In the hall Mr Barker was putting out the post, keeping aside on a salver a pile of very personal-looking letters, some faintly coloured with ripply edges to the flaps. ‘Put that one on the top of these,’ he said. ‘They’re all for Lady Celia. They’re just going up to her.’
‘Oh!’ I pounced and knocked his Pharoic arm. I had seen Aunt Frances’s writing on a letter laid out on the chest.
‘Hold hard,’ said Mr Barker. ‘That there’s not for you, it’s for Mr Thwaite. Here’s yours.’
I grabbed—but it was not from Aunt Frances. How could it be when I came to think about it. She didn’t even know I was here. Her letters to me would be waiting at the yellow house. And this letter was in a cheap envelope, very thin, the hand-writing round and wobbly like a child’s and it spelled my name wrong.

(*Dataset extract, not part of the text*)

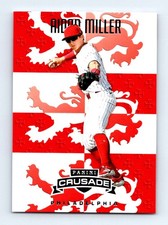 #43 2025 Panini Crusade BASE  Aidan Miller Philadelphia Phillies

‘Dear Miss Polly,’ it said. ‘Sorry to trouble you on your holidays but would appreciate advice about matters here which are not good she is worse even in my opinion not right at all and Miss Mary gone. Have called the doctor and think you should come back yours truly Alice Bates.’
‘Lady Celia wants you to go up,’ said Mr Barker. He had come down again from the bedroom and stood with his head bowed a little towards me as a butler should, but he said, ‘Something wrong, Miss Polly? You’re gone to a statue. Mr Treece is away for some coffee. Shall I—?’
‘No thanks. Oh—’
‘You’re to go up there, she says. If you don’t want coffee, go now and get it over.’